* [Crawled caption data]

▼

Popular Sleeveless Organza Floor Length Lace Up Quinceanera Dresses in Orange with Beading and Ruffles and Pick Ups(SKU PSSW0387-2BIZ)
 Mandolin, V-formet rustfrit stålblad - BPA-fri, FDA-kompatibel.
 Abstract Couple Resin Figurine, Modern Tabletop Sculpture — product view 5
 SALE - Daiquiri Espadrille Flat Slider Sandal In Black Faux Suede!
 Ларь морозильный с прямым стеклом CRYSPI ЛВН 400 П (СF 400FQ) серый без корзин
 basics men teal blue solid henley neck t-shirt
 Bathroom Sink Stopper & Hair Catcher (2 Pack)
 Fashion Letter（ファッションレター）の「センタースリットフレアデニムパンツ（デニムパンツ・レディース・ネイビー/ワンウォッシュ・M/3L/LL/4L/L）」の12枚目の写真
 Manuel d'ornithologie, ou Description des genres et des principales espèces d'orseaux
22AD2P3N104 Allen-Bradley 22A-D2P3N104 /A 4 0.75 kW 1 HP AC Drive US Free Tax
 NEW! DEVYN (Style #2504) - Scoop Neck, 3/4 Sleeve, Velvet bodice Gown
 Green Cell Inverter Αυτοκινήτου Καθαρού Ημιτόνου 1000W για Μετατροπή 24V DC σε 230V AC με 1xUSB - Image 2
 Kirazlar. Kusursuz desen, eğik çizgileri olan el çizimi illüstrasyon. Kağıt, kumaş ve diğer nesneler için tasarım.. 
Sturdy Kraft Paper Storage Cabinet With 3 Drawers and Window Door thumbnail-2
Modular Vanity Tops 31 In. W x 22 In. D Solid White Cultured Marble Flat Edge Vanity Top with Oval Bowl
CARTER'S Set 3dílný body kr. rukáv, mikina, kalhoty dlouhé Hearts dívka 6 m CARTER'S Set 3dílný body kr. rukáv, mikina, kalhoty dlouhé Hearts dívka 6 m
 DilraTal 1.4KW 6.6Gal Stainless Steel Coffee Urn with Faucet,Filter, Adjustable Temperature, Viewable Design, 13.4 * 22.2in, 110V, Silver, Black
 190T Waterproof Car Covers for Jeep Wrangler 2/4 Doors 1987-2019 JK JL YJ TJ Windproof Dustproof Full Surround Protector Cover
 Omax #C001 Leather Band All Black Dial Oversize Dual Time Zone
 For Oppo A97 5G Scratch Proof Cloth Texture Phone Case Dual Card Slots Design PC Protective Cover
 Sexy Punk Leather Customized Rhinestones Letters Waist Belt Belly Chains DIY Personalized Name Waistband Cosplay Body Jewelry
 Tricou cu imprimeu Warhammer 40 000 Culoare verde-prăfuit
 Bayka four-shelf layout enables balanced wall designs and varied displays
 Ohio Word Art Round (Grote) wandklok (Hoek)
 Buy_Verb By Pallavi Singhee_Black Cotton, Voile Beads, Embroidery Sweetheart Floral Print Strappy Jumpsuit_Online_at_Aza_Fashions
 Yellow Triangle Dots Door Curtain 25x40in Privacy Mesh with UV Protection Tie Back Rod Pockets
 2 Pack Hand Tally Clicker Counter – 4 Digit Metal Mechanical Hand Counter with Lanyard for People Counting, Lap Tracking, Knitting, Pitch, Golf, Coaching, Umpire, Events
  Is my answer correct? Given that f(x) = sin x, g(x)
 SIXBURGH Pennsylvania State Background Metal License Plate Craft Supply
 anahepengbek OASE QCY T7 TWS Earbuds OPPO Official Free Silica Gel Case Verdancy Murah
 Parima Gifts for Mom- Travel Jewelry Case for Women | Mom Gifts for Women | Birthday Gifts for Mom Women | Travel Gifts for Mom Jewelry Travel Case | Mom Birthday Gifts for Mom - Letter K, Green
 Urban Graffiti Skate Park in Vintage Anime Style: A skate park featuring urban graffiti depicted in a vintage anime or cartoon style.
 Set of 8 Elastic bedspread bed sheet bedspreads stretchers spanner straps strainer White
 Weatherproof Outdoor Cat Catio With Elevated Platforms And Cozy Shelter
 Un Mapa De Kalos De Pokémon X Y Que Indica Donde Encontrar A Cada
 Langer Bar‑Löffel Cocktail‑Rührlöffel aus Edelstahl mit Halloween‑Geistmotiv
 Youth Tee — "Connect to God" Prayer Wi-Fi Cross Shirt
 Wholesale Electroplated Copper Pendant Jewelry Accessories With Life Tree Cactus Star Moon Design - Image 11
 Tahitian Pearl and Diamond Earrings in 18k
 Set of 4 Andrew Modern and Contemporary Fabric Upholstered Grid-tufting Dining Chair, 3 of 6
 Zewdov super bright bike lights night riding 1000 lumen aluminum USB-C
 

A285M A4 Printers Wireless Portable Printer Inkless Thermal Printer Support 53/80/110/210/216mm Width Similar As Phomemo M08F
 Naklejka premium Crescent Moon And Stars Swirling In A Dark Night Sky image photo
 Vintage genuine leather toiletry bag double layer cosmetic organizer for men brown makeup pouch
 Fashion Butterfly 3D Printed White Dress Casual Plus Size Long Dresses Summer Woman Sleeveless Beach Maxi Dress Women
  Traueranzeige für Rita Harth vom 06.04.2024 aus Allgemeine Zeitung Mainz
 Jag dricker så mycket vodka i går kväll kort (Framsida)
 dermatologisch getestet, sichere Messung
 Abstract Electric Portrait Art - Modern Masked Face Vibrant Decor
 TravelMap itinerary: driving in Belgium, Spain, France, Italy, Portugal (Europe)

▲

* [Task description] Find "Abstract Electric Portrait" in the records. Copy its line and every line after it, exactly, through the last one.

* [Answer to this exercise]
 Abstract Electric Portrait Art - Modern Masked Face Vibrant Decor
 TravelMap itinerary: driving in Belgium, Spain, France, Italy, Portugal (Europe)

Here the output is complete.